--- START ---

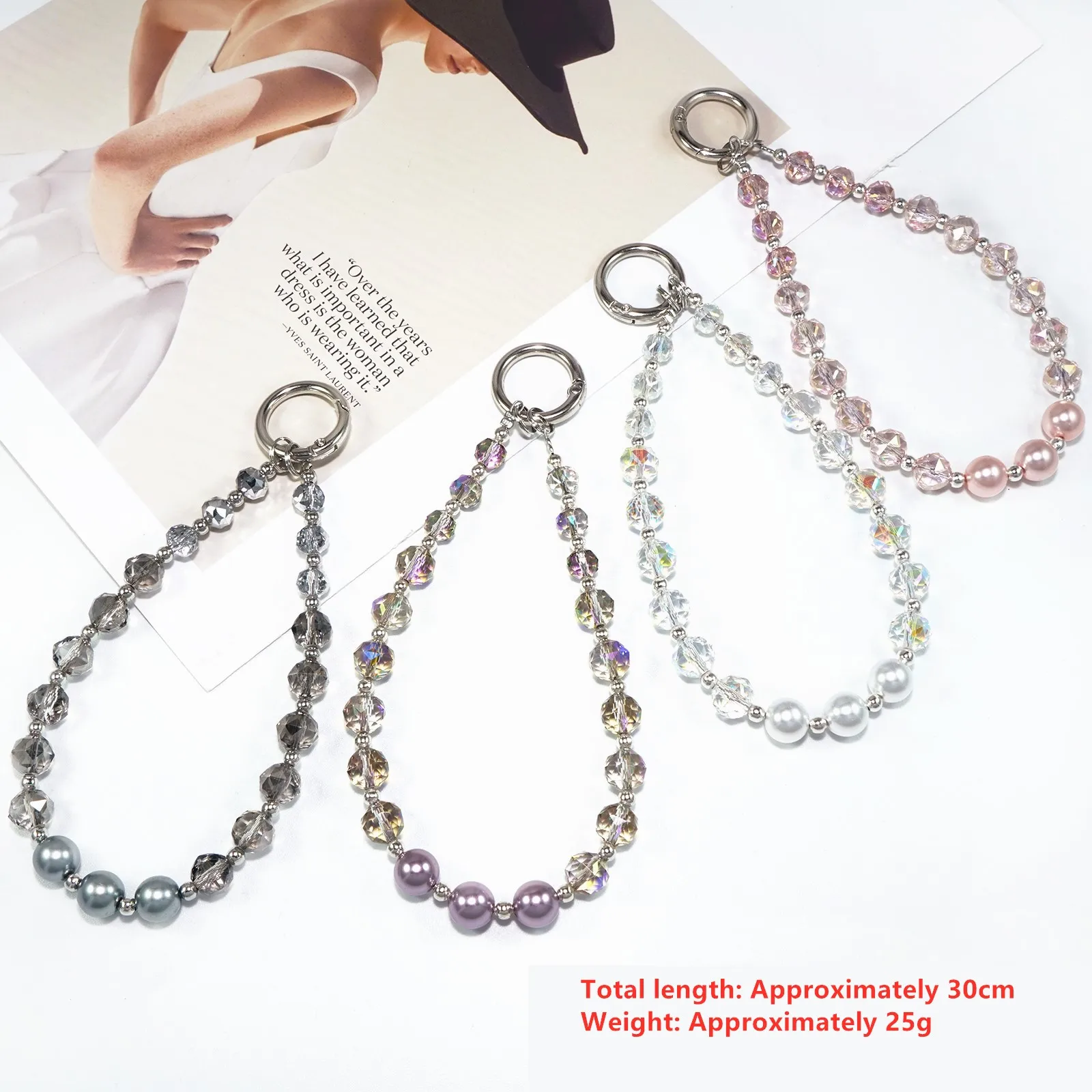 

Ремешок для мобильного телефона, роскошные красочные хрустальные бусины, ручная цепочка на запястье, короткий ремешок с зажимом, брелок в виде ракушки, подвеска для сумки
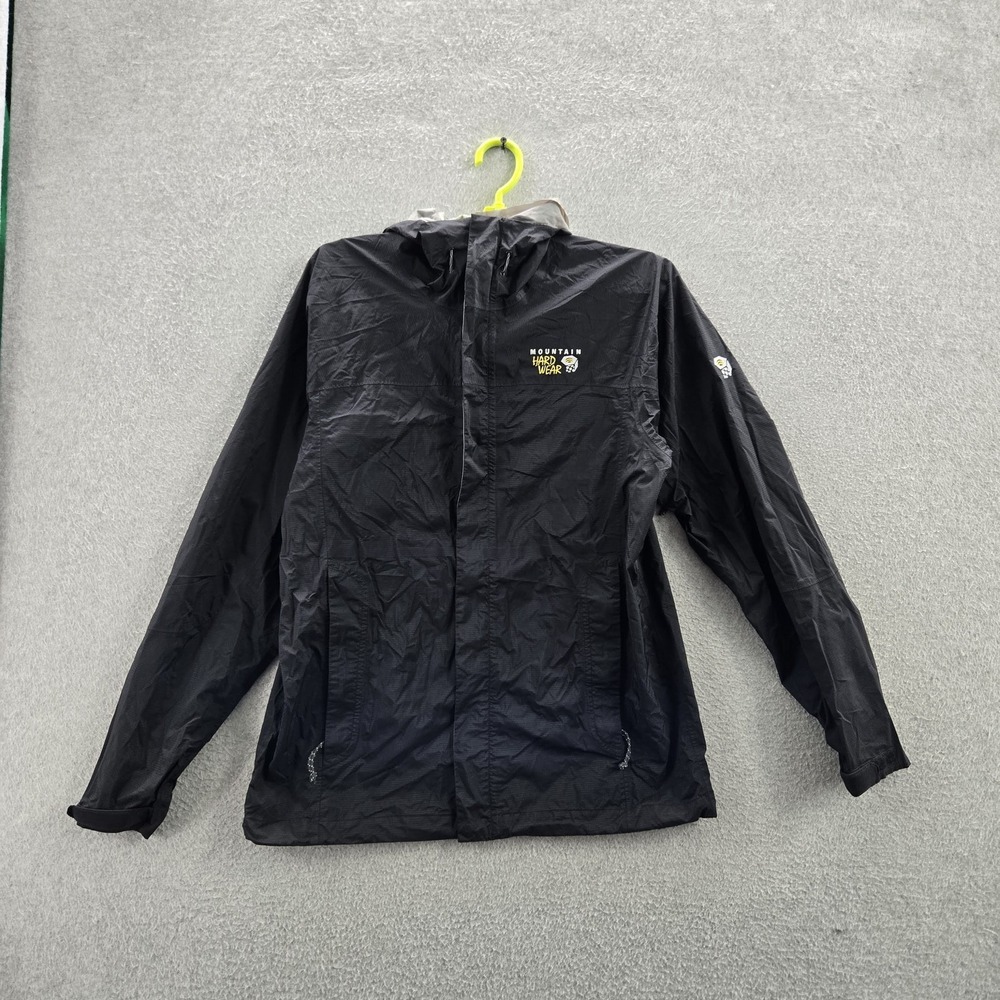 Mountain Hardwear Men Jacket S Black Logo Full Zip Hooded Windbreaker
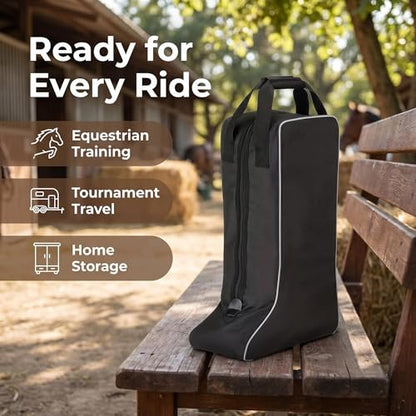 Bags for Cowboy Boots with Handle Heavy-Duty Polyester Equestrian Boot Bag, Cowboy Boot Travel Bag with Outer Pocket for Cowboy Boots, Snow Boots, Travel and Daily Use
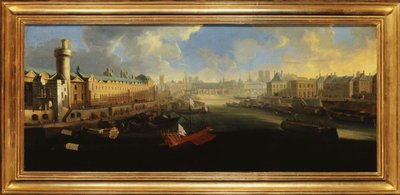 A Louvre Grande Galerie-ja, a Porte Neuve-vel, a Pont-Neuf-fel, a Cité-vel, az épülő Collège des Quatres-Nations-zal és a Quai Malaquais-val, 1665 körül, 1665 és 1670 között (olaj, vászon) alkotó: Unknown artist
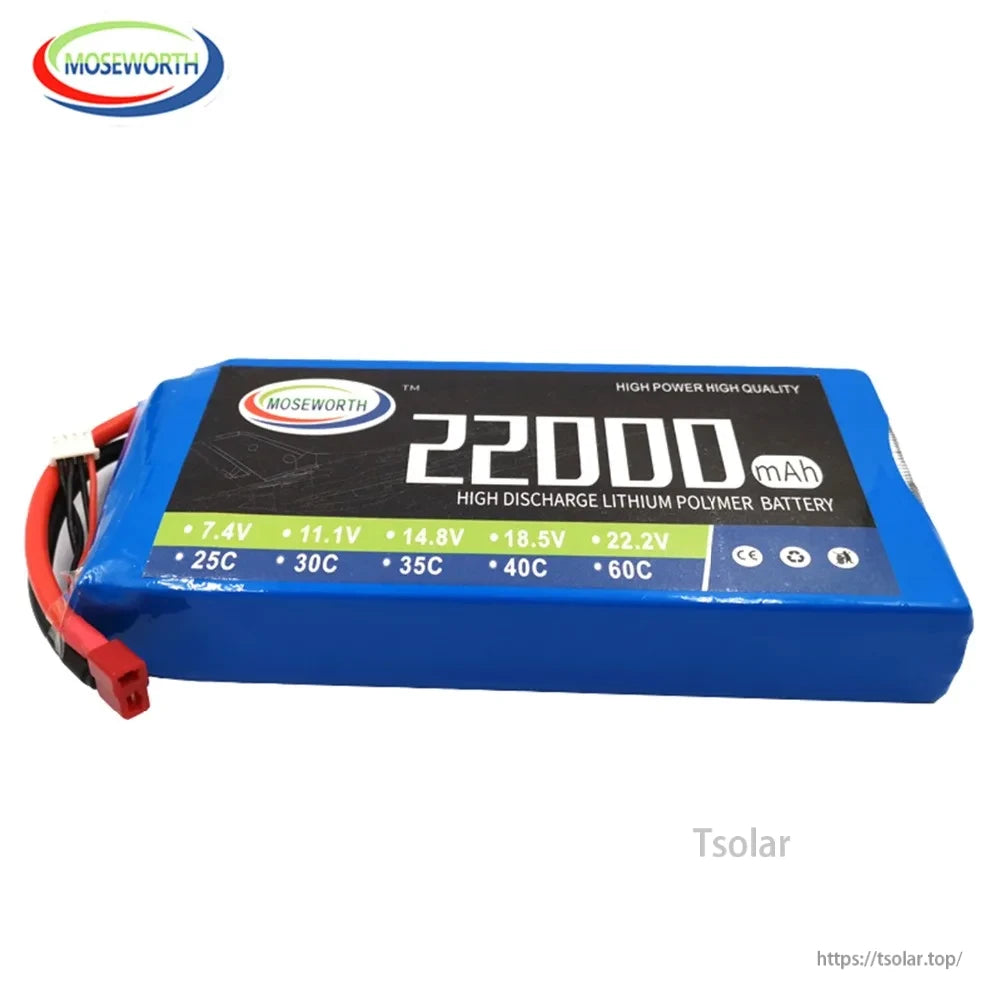 MOSEWORTH RC Lipo Battery, MOSEWORTH 22000mAh LiPo battery, 7.4V-22.2V, 25C-60C discharge rate, high power, CE certified, durable and reliable for demanding applications.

--- END ---

Leave the pictures out, and reproduce only the lines from the line holding "Mountain Hardwear Men" through the last line of the material, both included.

 Mountain Hardwear Men Jacket S Black Logo Full Zip Hooded Windbreaker
 Bags for Cowboy Boots with Handle Heavy-Duty Polyester Equestrian Boot Bag, Cowboy Boot Travel Bag with Outer Pocket for Cowboy Boots, Snow Boots, Travel and Daily Use
 A Louvre Grande Galerie-ja, a Porte Neuve-vel, a Pont-Neuf-fel, a Cité-vel, az épülő Collège des Quatres-Nations-zal és a Quai Malaquais-val, 1665 körül, 1665 és 1670 között (olaj, vászon) alkotó: Unknown artist
 MOSEWORTH RC Lipo Battery, MOSEWORTH 22000mAh LiPo battery, 7.4V-22.2V, 25C-60C discharge rate, high power, CE certified, durable and reliable for demanding applications.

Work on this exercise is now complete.